The second Test commenced a week later in Manchester, and England came back hard and annihilated Pakistan by 330 runs, with Joe Root making merry with centuries, Woakes continuing his good form, and Anderson back amongst the wickets.

Pakistan got into a strong position in the third Test at Edgbaston, with Sohail Khan grabbing a five-for and Azhar Ali scored a superb 139, only to throw it away to England, capitulating to 201 all out in the second innings, where five English bowlers got 2 wickets each. Pakistan looked in real danger of throwing the series away.

The fourth test at the Oval turned out to be a complete reversal of fortunes, with Younis Khan, the old horse scoring a superb double century, and Sohail Khan and Yasir Shah picking up five-wicket hauls to hand Pakistan an easy ten-wicket win and enable them to top the Test rankings at India’s expense.

Both teams headed into the ODI series with equal chances. The first ODI was held at the Rose Bowl in Southampton, where England beat Pakistan by 44 runs by the Duckworth-Lewis method, with Jason Roy picking up the man of the match award after a quick-fire 65 at the top of the order.

The second ODI at Lord’s was another even contest, with Pakistan just not able to go over the finishing line, despite picking up wickets, to close out the game; England won it, with Joe Root scoring 89 and getting the man of the match award, despite Ahmed Shehzad’s century.

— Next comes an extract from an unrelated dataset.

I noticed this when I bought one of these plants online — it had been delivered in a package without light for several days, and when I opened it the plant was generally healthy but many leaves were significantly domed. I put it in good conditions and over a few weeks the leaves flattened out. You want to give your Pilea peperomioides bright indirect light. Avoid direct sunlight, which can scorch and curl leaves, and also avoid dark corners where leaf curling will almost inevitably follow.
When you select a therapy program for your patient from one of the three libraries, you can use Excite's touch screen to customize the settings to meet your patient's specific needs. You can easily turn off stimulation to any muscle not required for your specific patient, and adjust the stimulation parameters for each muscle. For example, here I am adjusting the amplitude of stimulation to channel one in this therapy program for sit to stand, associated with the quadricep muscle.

The third ODI at Nottingham saw many records tumble. England got to 444, the highest score in the history of ODIs, owing much to Alex Hales, with Buttler and captain Morgan chipping in with few lusty blows at the end. Wahab Riaz ended up with figures of 10-0-110-0, the second worst by any bowler in the history of the game, the first being Mick Lewis. It was only a formality for England to just wrap up the series, and despite some good half-centuries from Sharjeel Khan and Mohammad Amir, the task was just too uphill and England ran away with the game by 169 runs.

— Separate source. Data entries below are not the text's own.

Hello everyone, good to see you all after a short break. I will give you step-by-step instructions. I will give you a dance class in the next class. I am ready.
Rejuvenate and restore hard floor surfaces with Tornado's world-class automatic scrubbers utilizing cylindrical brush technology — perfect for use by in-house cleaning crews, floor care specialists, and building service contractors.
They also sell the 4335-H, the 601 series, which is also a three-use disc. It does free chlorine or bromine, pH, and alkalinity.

The fourth ODI at Leeds saw England, thanks to Adil Rashid, restrict Pakistan to less than 250, and even though Mohammad Irfan bowled well till he pulled out of the game owing to an injury, England regrouped and took the series 4-0. The story would have been a bit different had the big fast bowler been on the field longer.

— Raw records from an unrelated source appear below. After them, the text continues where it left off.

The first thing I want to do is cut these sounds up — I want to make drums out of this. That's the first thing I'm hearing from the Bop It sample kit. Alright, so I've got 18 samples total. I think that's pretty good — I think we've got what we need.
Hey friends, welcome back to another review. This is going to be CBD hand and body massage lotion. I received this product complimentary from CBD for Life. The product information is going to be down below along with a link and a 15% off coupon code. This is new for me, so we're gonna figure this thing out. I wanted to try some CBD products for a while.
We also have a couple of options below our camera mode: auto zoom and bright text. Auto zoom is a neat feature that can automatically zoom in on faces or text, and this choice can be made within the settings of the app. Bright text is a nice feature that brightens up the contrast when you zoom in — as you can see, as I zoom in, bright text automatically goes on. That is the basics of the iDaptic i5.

The fifth and final ODI at Cardiff was expected to be England’s venue for the whitewash against Pakistan, but Sarfaraz Ahmed and Shoaib Malik turned it around, after England had scored 300, and Sarfaraz was the man of the match with his 90, leaving Pakistan with something to smile about in the ODIs.

The sole T20 in Manchester was completely one-sided in favour of Pakistan, with Wahab Riaz, just days after he was given a spanking, delivering with figures of 3-18 to restrict England to 135, and the Pakistani batsmen wasted no time in chasing down the target, scoring the runs with ease, with Sharjeel Khan and Khalled Latif scoring 59 apiece and giving Pakistan a resounding win over England.

After a few weeks of tough cricket, it has to be said that Pakistan exceeded expectations, particularly in the Tests, and a perch atop the Test rankings – their first time ever – would rank as extremely satisfactory returns from a gruelling tour in Old Blighty.